Document Type

Article

Publication Date

2011

Abstract

Since at least the famous Berle-Dodds debate, corporate social responsibility (CSR) and later its more muscular and structural iteration, progressive corporate law, have been discussed without much progress. The authors consider whether the social enterprise movement, which envisions a new sector of businesses created both to generate profits and pursue social goals, advances this debate. They conclude that it does. Proponents of social enterprise believe that such businesses can combine the dynamism of for-profit firms with the mission-driven zeal more typical of nonprofit organizations. Social enterprise and CSR have much in common: both want businesses to take the interests of non-shareholder stakeholders more seriously and play a larger role in addressing social and environmental problems.
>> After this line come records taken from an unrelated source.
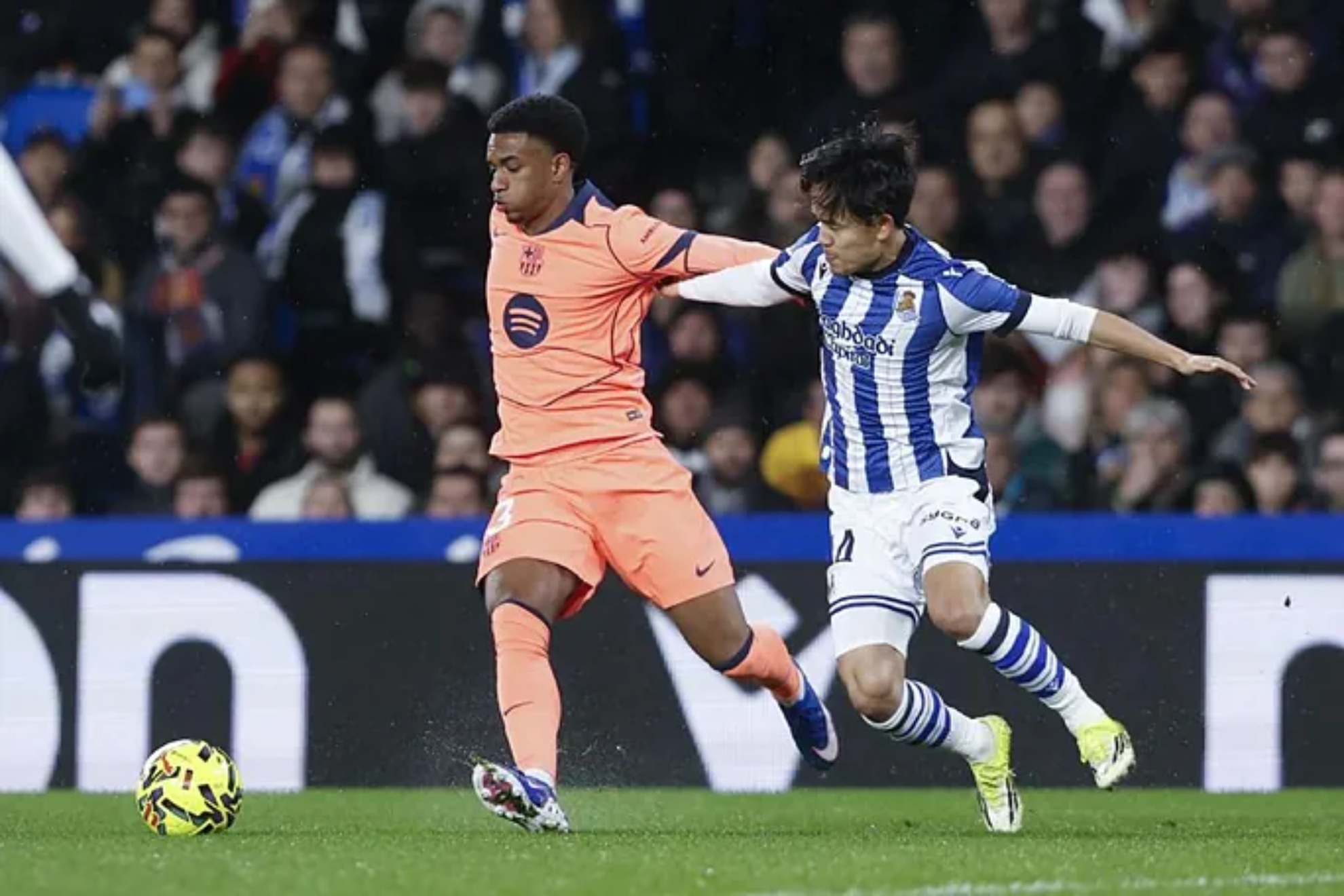 تاكي كوبو أمام بالد في لحظة من مباراة ريال سوسيداد ضد برشلونة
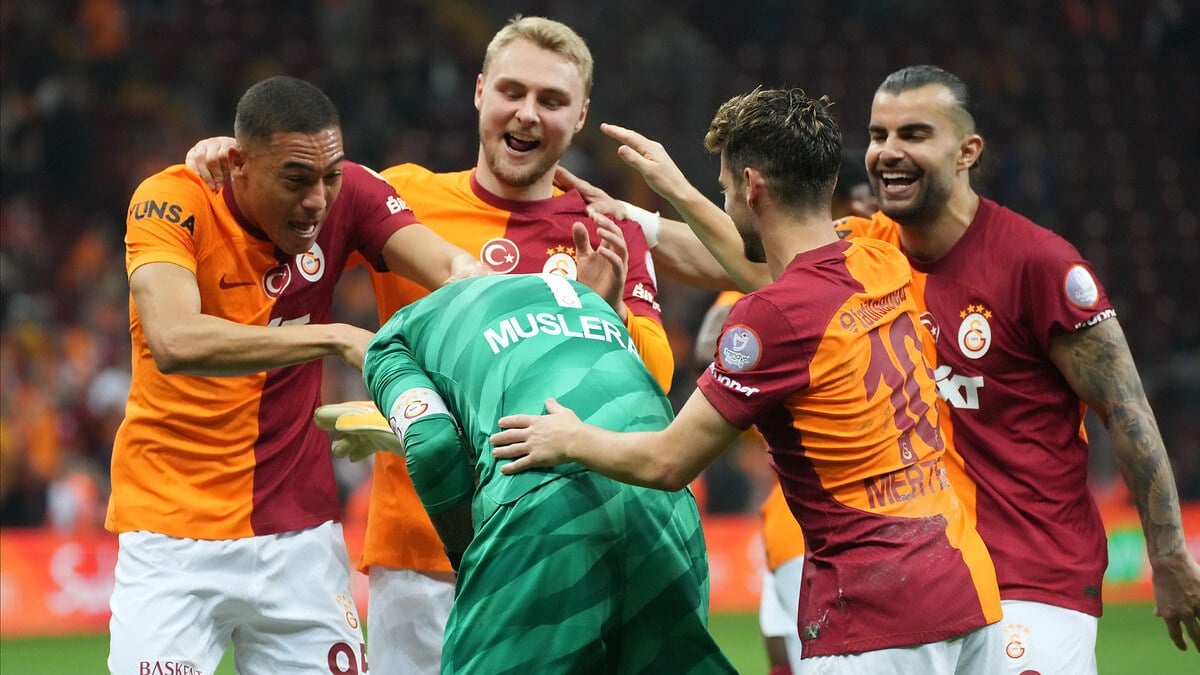 Victor Nelsson'dan Galatasaray'a rest: Sezon sonu gidiyorum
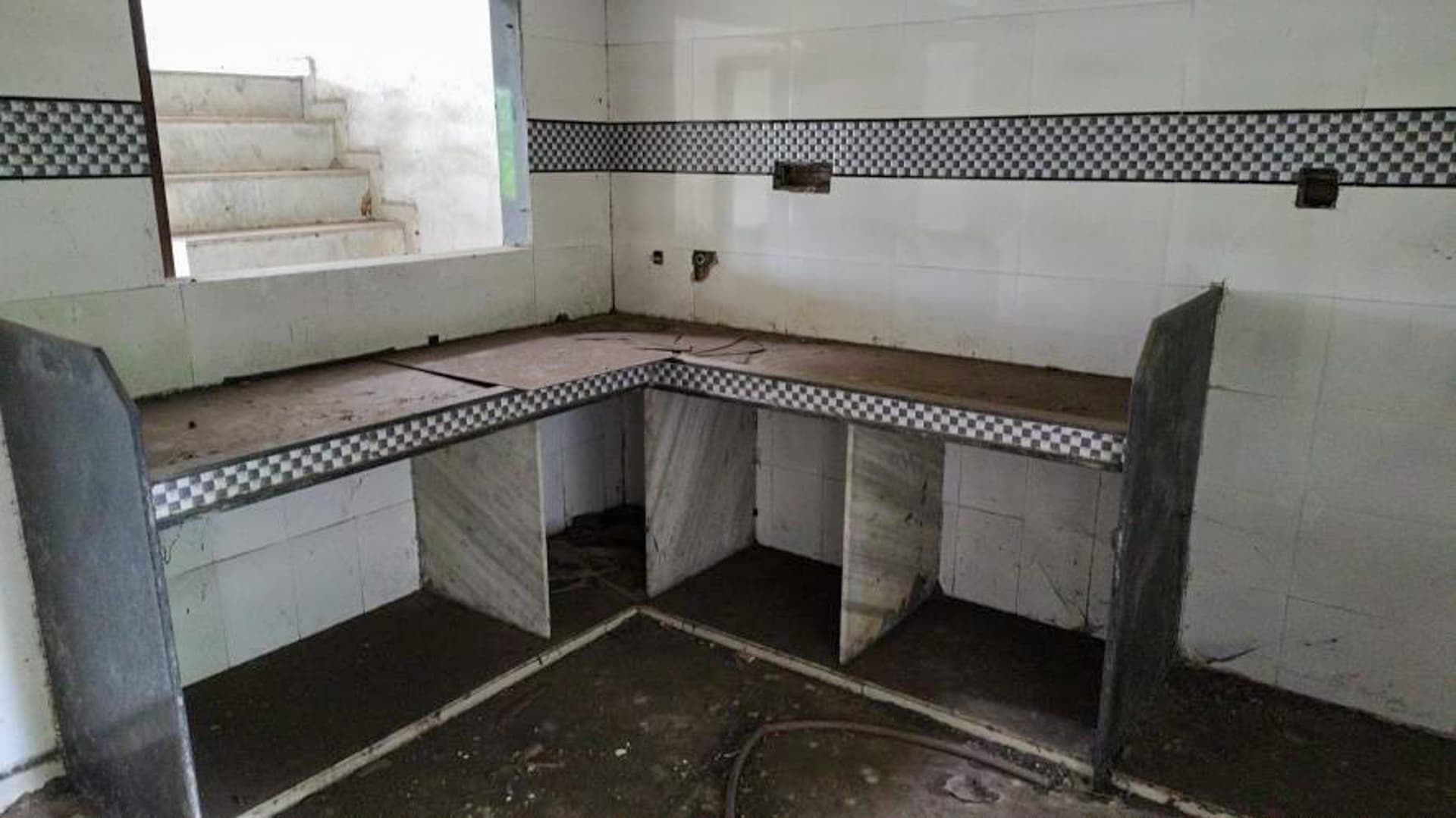 Property Photos 6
Yet there are important and underexplored differences. Unlike CSR, the idea of social enterprise is remarkably congenial to mainstream corporate law in ideology and methodology. In one respect, the social enterprise movement sidesteps the CSR debate by operating in a different setting - its vision is realized and embodied in new organizational forms rather than existing corporations. In another respect, the movement shows how mainstream corporate law can accommodate CSR and progressive corporate law concerns without fundamental change. Social enterprise thus advances the CSR debate in unexpected ways - the movement appropriates some CSR notions and shares some CSR sensibilities, but combines them in a manner that should please corporate contractarians, alarm proponents of progressive corporate law, and discomfort some proponents of CSR.